- Yield: 8
- Prep Time: 60 minutes
- Cook Time: 45 minutes
Apple Pie Scones
As the days are getting shorter and the leafs turn into a sea of color, we all feel those cravings for warm and comforting flavors and treats resurface. Fall has a way to make us want to indulge in all the great things that can be made with the plenty of fruits and vegetables that are in season right now. On top of my list: Apple Pie. There is something about a treat with sweet and tart apples in combination with a crumbly crust that is irresistible.

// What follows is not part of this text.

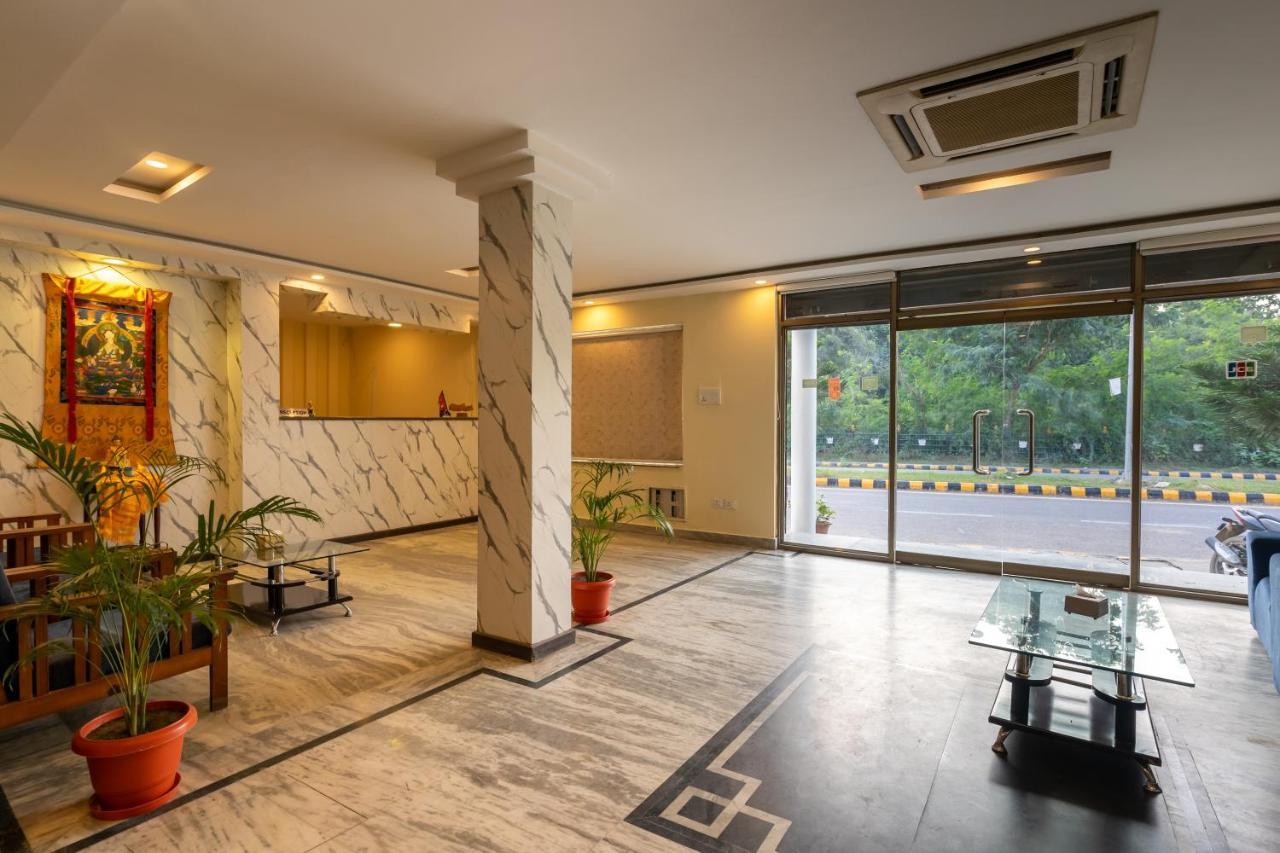 Hotel Peaceland Lumbini ภายนอก รูปภาพ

But because I cannot should not eat entire apple pies by myself, I'm welcoming ways to pack the same flavor into a smaller item that can easily be frozen and then just be baked up when needed. About two weeks ago, I came across a recipe for an apple pie babka and, of course, made it the very same day. While I wasn't quite happy with the result (mostly filling to bread ratio), it made me think of other ways to use up this kind of apple pie filling. And then it hit me: Apple Pie Scones. Scones are a perfect fit for apples. They're not too sweet and deliciously crumbly.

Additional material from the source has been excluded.